My first thought was to try something like this, in which I start by simply reversing that theorem a few times like this:
\begin{align} (b^m)^{1/n} &= y\\ b^m &= y^n \\ b &= (y^n)^{1/m} \end{align}
but I don't see where that gets me. Plus, this doesn't seem to be the right path because I'm not given that $m > 0$, so the exponent in the last step may not even be defined. I can't use the fact that $b^r = (b^m)^{1/n}$ at this stage because that would be proving something using what I'm trying to prove.
This problem is the first step in the exercise in Rudin that walks me through proving the product rule for rational, and later real, exponents, which is detailed really nicely in this answer.
Am I just missing the first step, or am I on the wrong track to begin with?
Second attempt
I think I've figured it out now, thanks to the hints. First, I need to prove that $(x^s)^t = x^{st}$ where $x \in \mathbb{R}, s,t \in \mathbb{z}$, and $t > 0$. Using the hint of induction, I first proved that this is true for $t = 1$, which is trivial, since $(x^s)^1 = x^s = x^{s \cdot 1}$.
Now, I assume that this is true for $t = k$, i.e. $(x^s)^k = x^{sk}$, and prove that it's true for $t = k + 1$.
\begin{align} (x^s)^t &= (x^s)^{k+1} \\ &= (x^s)^k (x^s) \\ &= (x^{sk}) x^s \\ &= x^{sk+s} \\ &= x^{s(k+1)} \\ &= x^{st} \end{align}
With that proved, I can move on to the next part of the proof.
Let $\alpha$ and $\beta$ be reals such that
$$ \alpha^n=b^m \qquad \beta^q=b^p $$
We know these are unique by the theorem proved earlier in Rudin.
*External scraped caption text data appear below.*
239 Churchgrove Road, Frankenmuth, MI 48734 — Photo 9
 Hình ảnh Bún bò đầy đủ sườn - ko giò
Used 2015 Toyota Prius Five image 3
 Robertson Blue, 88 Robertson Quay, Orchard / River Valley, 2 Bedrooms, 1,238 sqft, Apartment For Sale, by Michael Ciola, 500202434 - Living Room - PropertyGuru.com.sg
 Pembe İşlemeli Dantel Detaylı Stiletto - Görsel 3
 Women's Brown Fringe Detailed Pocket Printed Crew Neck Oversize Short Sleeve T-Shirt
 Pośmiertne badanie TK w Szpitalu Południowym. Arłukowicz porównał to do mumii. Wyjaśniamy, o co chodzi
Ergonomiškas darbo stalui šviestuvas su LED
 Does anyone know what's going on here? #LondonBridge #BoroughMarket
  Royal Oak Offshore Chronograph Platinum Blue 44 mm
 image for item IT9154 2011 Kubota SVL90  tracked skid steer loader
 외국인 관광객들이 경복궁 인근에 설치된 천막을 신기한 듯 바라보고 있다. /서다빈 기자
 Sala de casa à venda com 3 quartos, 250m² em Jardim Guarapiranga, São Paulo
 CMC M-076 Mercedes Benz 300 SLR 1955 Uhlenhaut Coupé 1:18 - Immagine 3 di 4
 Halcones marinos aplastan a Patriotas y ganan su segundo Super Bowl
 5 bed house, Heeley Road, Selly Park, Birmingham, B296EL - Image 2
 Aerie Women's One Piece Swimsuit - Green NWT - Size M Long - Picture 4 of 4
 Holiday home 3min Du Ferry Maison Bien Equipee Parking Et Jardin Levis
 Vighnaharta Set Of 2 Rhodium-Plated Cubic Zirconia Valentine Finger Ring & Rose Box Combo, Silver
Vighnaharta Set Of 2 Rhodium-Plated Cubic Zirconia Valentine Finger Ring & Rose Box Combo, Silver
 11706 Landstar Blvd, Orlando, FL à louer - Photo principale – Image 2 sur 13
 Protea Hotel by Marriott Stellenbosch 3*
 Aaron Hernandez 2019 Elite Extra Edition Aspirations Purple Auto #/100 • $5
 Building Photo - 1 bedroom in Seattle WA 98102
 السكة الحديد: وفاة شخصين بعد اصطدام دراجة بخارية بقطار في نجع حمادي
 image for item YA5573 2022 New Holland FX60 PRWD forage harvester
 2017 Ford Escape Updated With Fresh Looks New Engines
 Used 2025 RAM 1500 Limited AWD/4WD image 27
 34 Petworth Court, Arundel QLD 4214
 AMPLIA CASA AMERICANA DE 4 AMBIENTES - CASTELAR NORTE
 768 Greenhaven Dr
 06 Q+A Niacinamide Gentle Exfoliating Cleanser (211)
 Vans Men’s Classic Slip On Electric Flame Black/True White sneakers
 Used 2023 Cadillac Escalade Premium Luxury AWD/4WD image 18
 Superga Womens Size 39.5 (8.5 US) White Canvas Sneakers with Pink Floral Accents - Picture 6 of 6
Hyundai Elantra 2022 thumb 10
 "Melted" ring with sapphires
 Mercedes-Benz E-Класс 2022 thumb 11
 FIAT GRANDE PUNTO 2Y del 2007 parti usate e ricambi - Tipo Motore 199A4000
Therefore:
\begin{align} \alpha^n &= b^m \\ (\alpha^n)^q &= (b^m)^q \\ \alpha^{nq} &= b^{mq} \end{align}
and I can prove the same way that
$$ \beta^{nq} = b^{np} = b^{mq} $$
Applying the uniqueness of real roots theorem again means that $\alpha = \beta$. So,
\begin{align} \alpha^n &= b^m \\ \alpha &= (b^m)^{1/n} \end{align}
and
\begin{align} \beta^q &= b^p \\ \alpha^q &= b^p \\ \alpha &= (b^p)^{1/q} \end{align}
Therefore $(b^m)^{1/n} = (b^p)^{1/q}$.
Is that all correct?
The result you're looking to obtain is: $$ \frac{m}{n} = \frac{p}{q} \implies (b^m)^{1\over{n}} = (b^p)^{1\over{q}} $$
This is equivalent to: $$ (b^m)^{1\over{n}} \not = (b^p)^{1\over{q}} \implies \frac{m}{n} \not = \frac{p}{q} $$
If you first prove $(x^s)^t = x^{st}$ for integers s and t as suggested by another user, it should be fairly simple to proceed in this direction (noting that the function $f(x) = x^l$ is injective for non-negative x and an integer root is non-negative).
Edit: Since you have this part done there's no need for me to be coy. My method goes as follows.
Let $f(x) = x^{nq}$ be a function on the non-negative reals.
$$ (b^m)^{1\over{n}} \not = (b^p)^{1\over{q}} \implies f((b^m)^{1\over{n}}) \not = f((b^p)^{1\over{q}}) $$
$ f((b^m)^{1\over{n}}) = (((b^m)^{1\over{n}})^n)^q = (b^m)^q = b^{mq} $
$ f((b^p)^{1\over{q}}) = (((b^p)^{1\over{q}})^q)^n = (b^p)^n = b^{pn} $
Hence $ b^{mq} \not = b^{pn} $. This implies $mq \not = pn $, from which follows $ \frac{m}{n} \not = \frac{p}{q} $. Q.E.D.